L’arrampicata sulla Chandelle presentava caratteristiche più dolomitiche e a noi più congeniali: molto più verticale e senza neve o ghiaccio. Il tiro del diedro strapiombante seguito dal tetto si rivelò una fatica boia con gli zaini pesanti. Il tetto architettonicamente ci apparse quantomeno strambo e caratterizzato da una sorta di larga fessura sotto un tetto, dove ci si incastrava anche col caschetto. Usciti dal tiro artificiale, traversammo verso sinistra in piena esposizione e superammo alcune lunghezze, ancora delicate, fino in cima al Pilone Centrale. E’ fatta, da qui è improponibile dover tornare indietro, pensammo tutti. Ponemmo estrema attenzione nell’indossare scarponi e ramponi: ad un conoscente lombardo da questo punto cadde nel baratro uno scarpone e dovette salire in cima al Bianco e poi scendere giù a valle calzando una scarpetta da arrampicata.

Durante i giorni precedenti la salita mi ero riproposto di telefonare dalla cima della cuspide a Davide, amico di Varese a cui sono legato da spiacevoli vicende personali e, oltretutto, grande conoscitore del gruppo del Bianco. La scomodità del luogo e il voler accelerare le manovre per proseguire verso la successiva parete di misto non mi permisero di effettuare la telefonata ed un po’ mi dispiacque.

Dopo una breve doppia risalimmo legati, in un ambiente particolarmente tetro, ancora tre tiri di misto delicato fino alla Cresta di Brouillard; io e Corrado scivolammo due volte su uno scorbutico passaggio di misto. Durante questo tratto ci raggiunsero e ci superarono, chiacchierando e con totale nonchalance, quattro polacchi, completamente slegati. Fu ammirevole osservare l’autocontrollo e la preparazione su questo tipo terreno degli alpinisti dell’est: sembrava stessero passeggiando per le vie di Courmayeur.

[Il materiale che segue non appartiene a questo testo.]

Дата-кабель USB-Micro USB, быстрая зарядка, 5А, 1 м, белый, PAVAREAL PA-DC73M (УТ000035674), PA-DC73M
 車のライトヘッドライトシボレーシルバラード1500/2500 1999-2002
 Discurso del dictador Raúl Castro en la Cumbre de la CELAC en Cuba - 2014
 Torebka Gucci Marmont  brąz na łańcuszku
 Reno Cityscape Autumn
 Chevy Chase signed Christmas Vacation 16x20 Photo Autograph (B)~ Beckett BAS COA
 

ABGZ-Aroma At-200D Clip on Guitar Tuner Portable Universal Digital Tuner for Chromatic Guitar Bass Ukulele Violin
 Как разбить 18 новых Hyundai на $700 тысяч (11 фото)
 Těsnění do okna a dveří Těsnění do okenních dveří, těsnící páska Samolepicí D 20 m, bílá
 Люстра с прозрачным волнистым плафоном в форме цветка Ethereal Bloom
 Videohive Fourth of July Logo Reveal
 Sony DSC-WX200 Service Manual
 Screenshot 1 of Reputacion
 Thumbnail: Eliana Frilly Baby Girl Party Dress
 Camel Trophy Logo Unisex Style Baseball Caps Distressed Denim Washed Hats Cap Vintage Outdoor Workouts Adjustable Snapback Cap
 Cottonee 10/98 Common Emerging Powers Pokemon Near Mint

Ognuno con i suoi pensieri proseguimmo finalmente rilassati lungo la Cresta di Brouillard fino alla cima del Bianco, dove non trovammo nessuno. Fu un momento magico, dove i timori accumulati in quei giorni svanirono. La discesa infatti non costituiva un impegno particolare, se non dal punto di vista fisico.

Durante il lungo rientro, effettuato al tramonto, scendemmo slegati ed ognuno col proprio ritmo. Favorito dagli spazi e dall’allentamento delle tensioni mi chiesi perché continuavo ad andare in montagna e fare queste faticacce. Forse, come ogni tanto mi ripete Walter, è semplicemente perché là stiamo bene. Ciò può essere vero, quantomeno in parte, ma personalmente ritengo che andare in montagna sia soprattutto uno strumento per riuscire ad accettare con maggiore serenità la vita di tutti i giorni, che a volte si presenta inconsistente e difficile da comprendere.